| RECORDS FOR THIS EXERCISE |
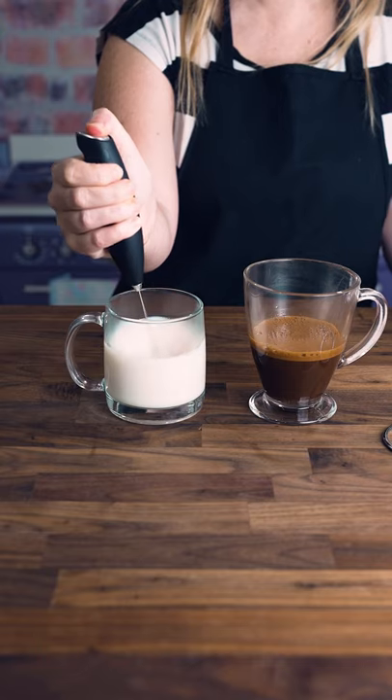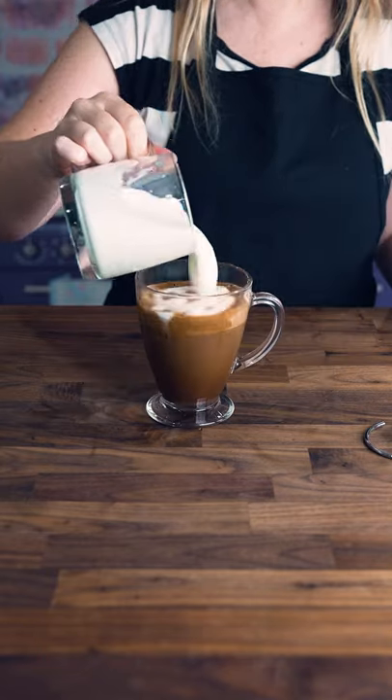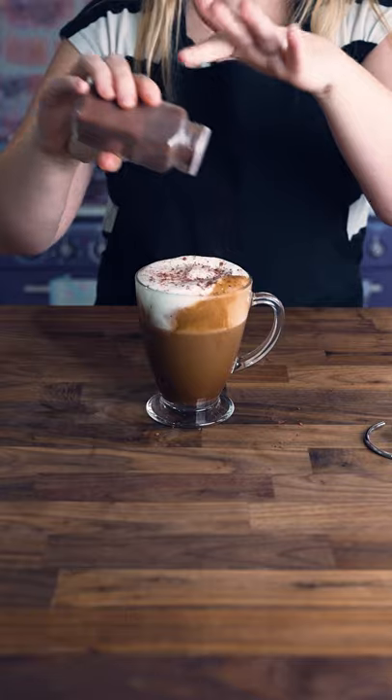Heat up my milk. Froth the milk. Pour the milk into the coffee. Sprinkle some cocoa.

==

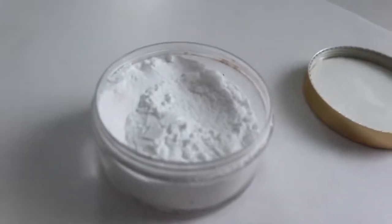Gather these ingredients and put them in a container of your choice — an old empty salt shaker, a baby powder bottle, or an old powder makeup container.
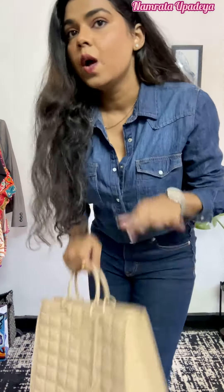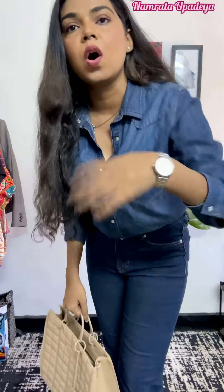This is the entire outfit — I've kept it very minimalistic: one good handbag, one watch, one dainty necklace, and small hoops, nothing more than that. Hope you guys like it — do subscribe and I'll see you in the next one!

...

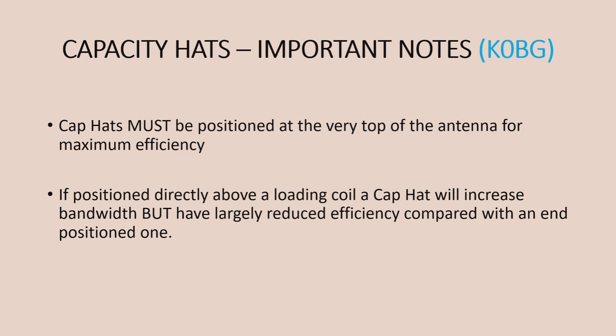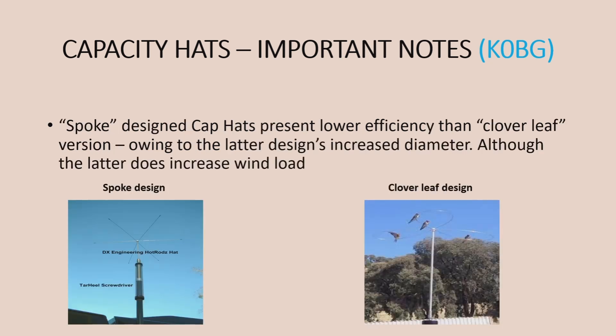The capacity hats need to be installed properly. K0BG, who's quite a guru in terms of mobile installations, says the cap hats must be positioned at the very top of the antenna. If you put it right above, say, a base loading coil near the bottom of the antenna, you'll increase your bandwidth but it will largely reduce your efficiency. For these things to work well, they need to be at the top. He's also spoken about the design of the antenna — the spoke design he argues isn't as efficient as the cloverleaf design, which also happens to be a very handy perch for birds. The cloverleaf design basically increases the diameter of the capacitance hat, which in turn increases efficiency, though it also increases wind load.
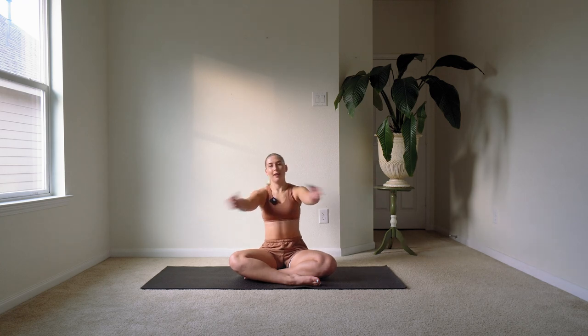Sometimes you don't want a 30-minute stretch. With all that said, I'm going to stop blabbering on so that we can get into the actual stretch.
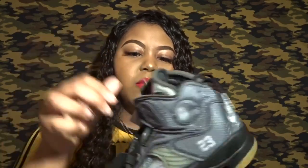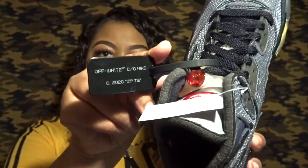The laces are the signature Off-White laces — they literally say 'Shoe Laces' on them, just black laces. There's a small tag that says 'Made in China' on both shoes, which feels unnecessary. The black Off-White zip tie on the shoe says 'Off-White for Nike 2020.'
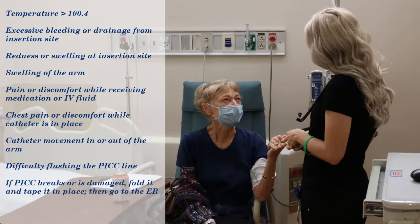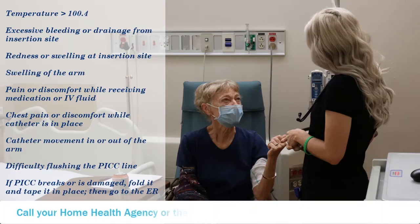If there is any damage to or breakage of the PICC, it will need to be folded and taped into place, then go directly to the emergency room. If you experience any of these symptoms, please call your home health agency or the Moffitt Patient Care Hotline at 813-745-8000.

| ACTION ITEM |
In the listing above, find the line containing "Gather these ingredients". Output it and every line after it up to and including the line containing "This is the", exactly, but skip the pictures.

| FINISHED EXERCISE |
Gather these ingredients and put them in a container of your choice — an old empty salt shaker, a baby powder bottle, or an old powder makeup container.
This is the entire outfit — I've kept it very minimalistic: one good handbag, one watch, one dainty necklace, and small hoops, nothing more than that. Hope you guys like it — do subscribe and I'll see you in the next one!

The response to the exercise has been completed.